Yesterday, the government said it would:
reduce the length of water extraction permits granted to bottled water companies (the length of a permit, that could still be renewed many times over, would be reduced from 10 years to 5 years)
implement a mandatory reduction on water taking during a drought (but not stop that water taking)
increase Indigenous and public notification, consultation and reporting (but did not say that community consent would be required for bottled water permits to be issued by the government).
It had also recently announced it would:
place a two-year moratorium on new and expanded permits to take water (rather than stopping new permits)
increase the fee from $3.71 to $503.71 per million litres of water taken (which equates to one-twentieth of a penny a litre of water taken).
There are also promises of “stricter rules” and “further research”.
This falls well short of the demands made by more than 20,000 people who called for a permanent moratorium on new permits (not a two-year pause), the phasing out of bottled water operations (not reducing 10-year permits to 5-year permits), and recognition of the right to free, prior and informed consent for affected Indigenous peoples (not merely increased notification, consultation and reporting).

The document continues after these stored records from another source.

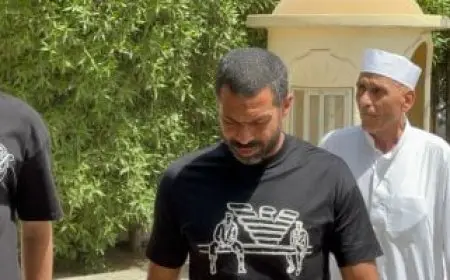 أحمد فتحي وطاهر أبو زيد على رأس الحاضرين في جنازة إيهاب جلال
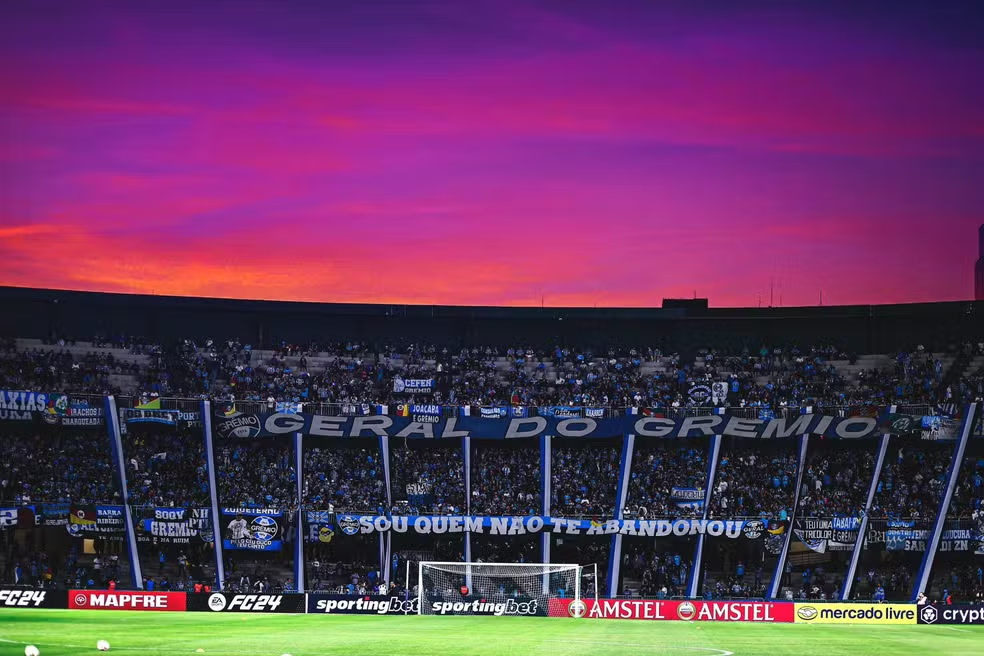Torcida do Grêmio no Couto Pereira. (Foto: Lucas Uebel/Grêmio FBPA)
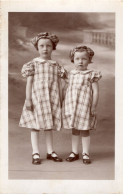 Carte Photo De Deux Petite Filles élégante Posant Dans Un Studio Photo - Personnes Anonymes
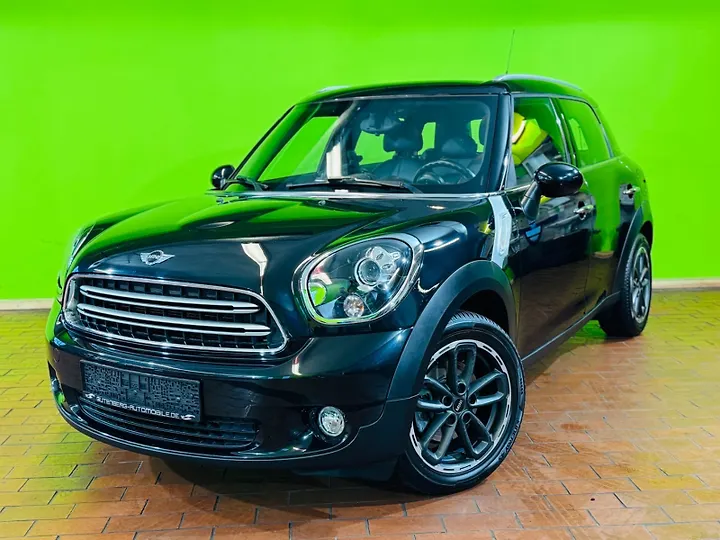 Mini Cooper D Paceman Geschlossen
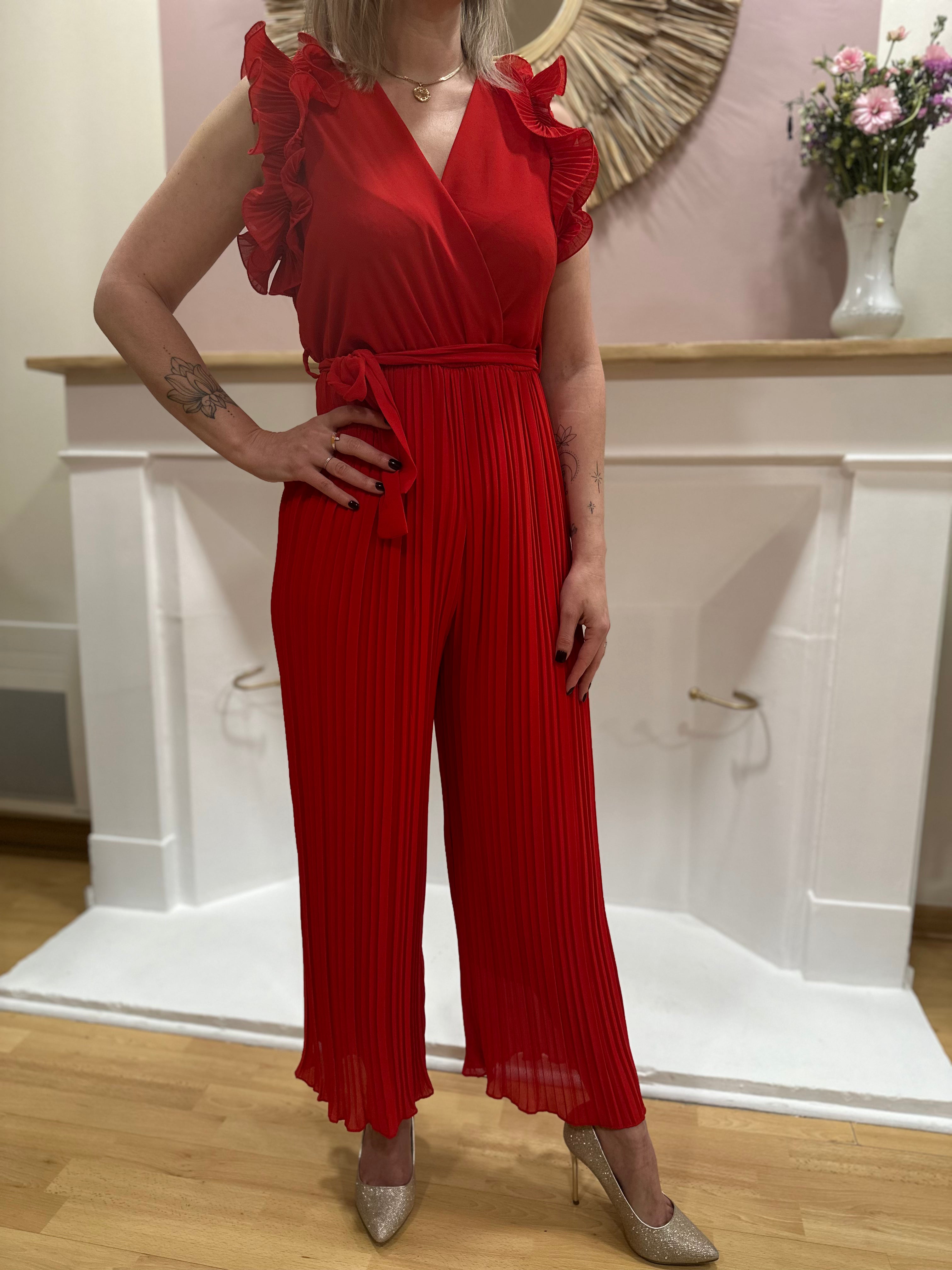 Combinaison fluide rouge femme – Manches courtes – Volants – Col V – Ceinture incluse – Elle Style – Miss Caprice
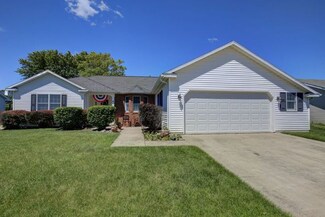 409 Sherwood Dr, Saint Joseph, IL 61873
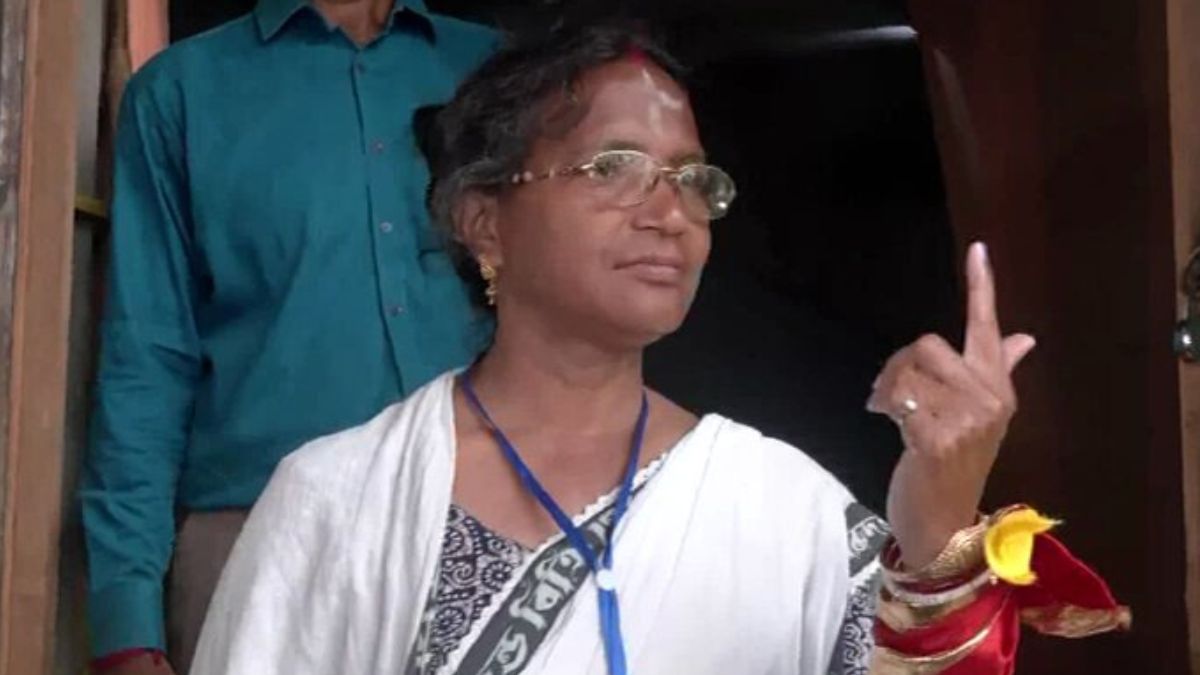 Ratna Debnath, the mother of the RG Kar rape victim and the BJP's candidate from Panihati, shows people the ink on her finger after casting her vote | Screengrab: ANI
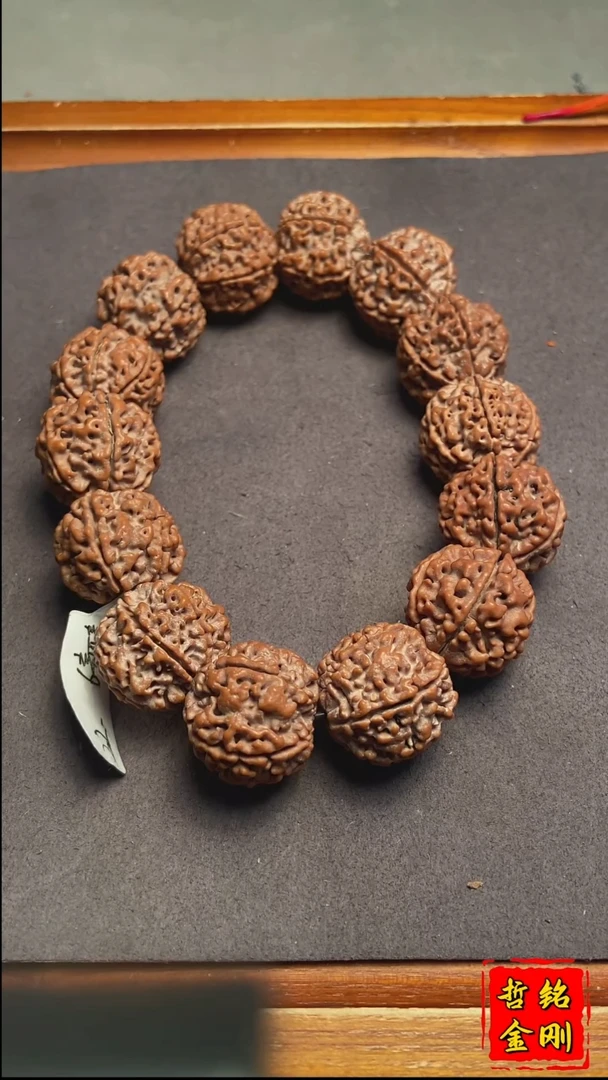 【闪购商品】金刚菩提手串原生态六瓣C073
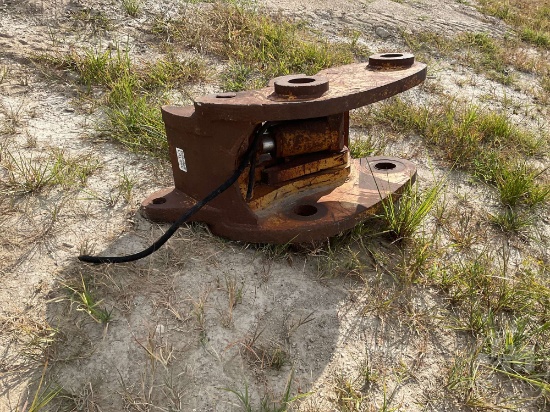 HYDRAULIC COUPLER
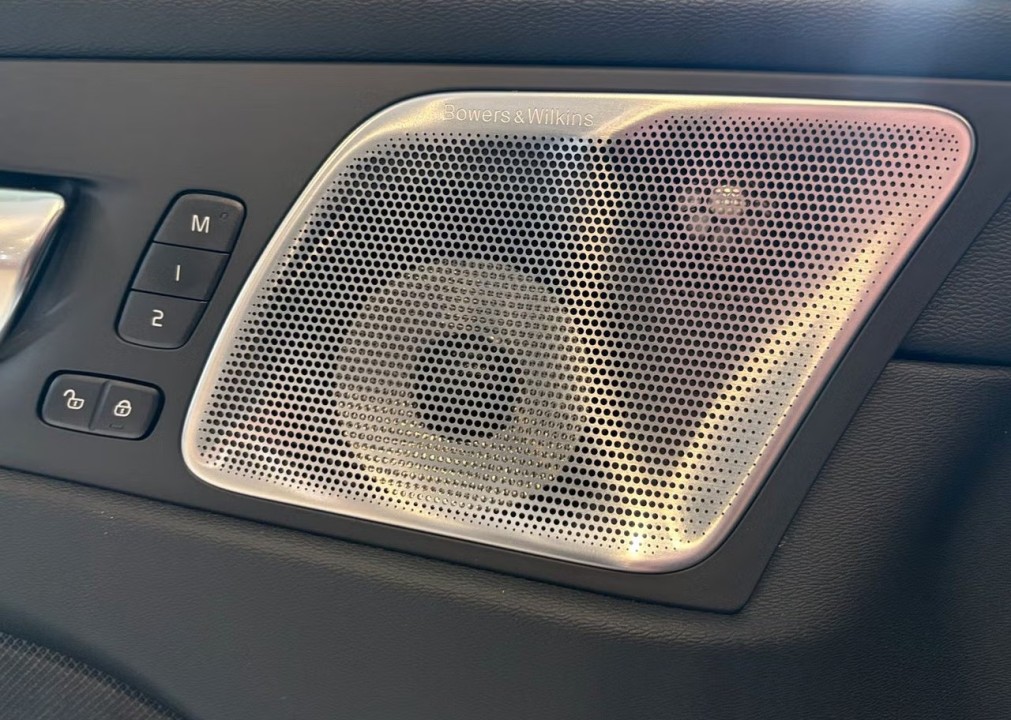 Volvo XC 60 T8 Recharge AWD Polestar Engineered - foto 11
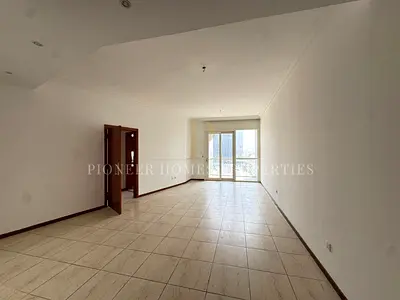 2 Bed| With Balcony| Community View| Vacant|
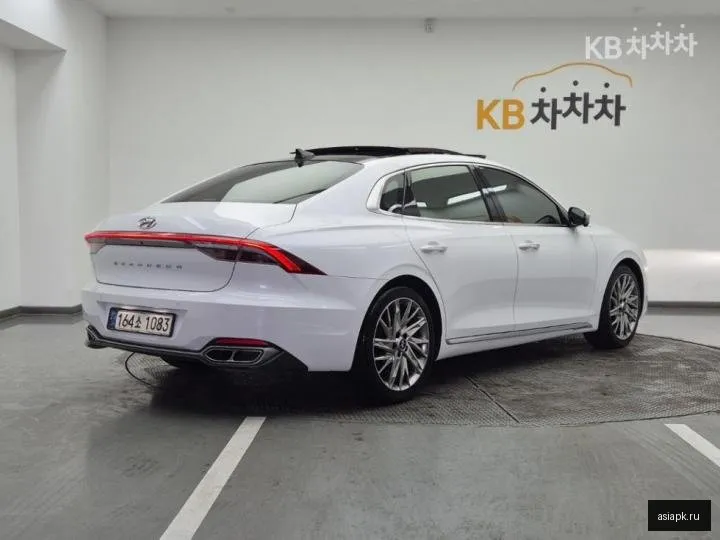 Hyundai Grandeur 4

Council of Canadians water campaigner Emma Lui says, “Vulnerable groundwater supplies can still be extracted and shipped thousands of kilometres away in single-use plastic bottles. Ontarians don’t want water wasted – they want it protected for their communities. A five-year permit to bottle and transport water out of a watershed is an eternity for a drought-ridden community. What Ontario really needs is a full phase-out of all bottled water permits.”
Questions still remain:
1- Nestlé has applied for a 10-year renewal of its now expired 5-year permit to extract 3.6 million litres of water a day from a well in Aberfoyle. That permit expired on July 31, 2016, but Nestlé has been allowed to continue to extract water during this government review process. Will the government now grant the company a 5-year permit? How much longer will Nestlé be allowed to pump water under an expired permit?
2- The Nestlé permit to extract 1.1 million litres of water per day from the Hillsburgh well expires on August 31, 2017. Will the Ontario government grant them a 5-year permit for that operation as well?
3- Nestlé also wants to extract 1.6 million litres a day from its recently purchased Middlebrook well in Elora. The Ontario government’s new regulations put a two year pause on that plan, but what will happen on January 1, 2019 when that temporary moratorium expires? Given that well is on the traditional territory of the Six Nations of the Grand River, and 11,000 of their members do not have access to clean drinking water, what will the consultation with them look like? How meaningful will it be?
The Council of Canadians is continuing its campaign to have the right to water prioritized over corporate water grabs.
The permit applications in Aberfoyle and Hillsburgh will be key moments, as will the provincial election that must take place on or before June 7, 2018.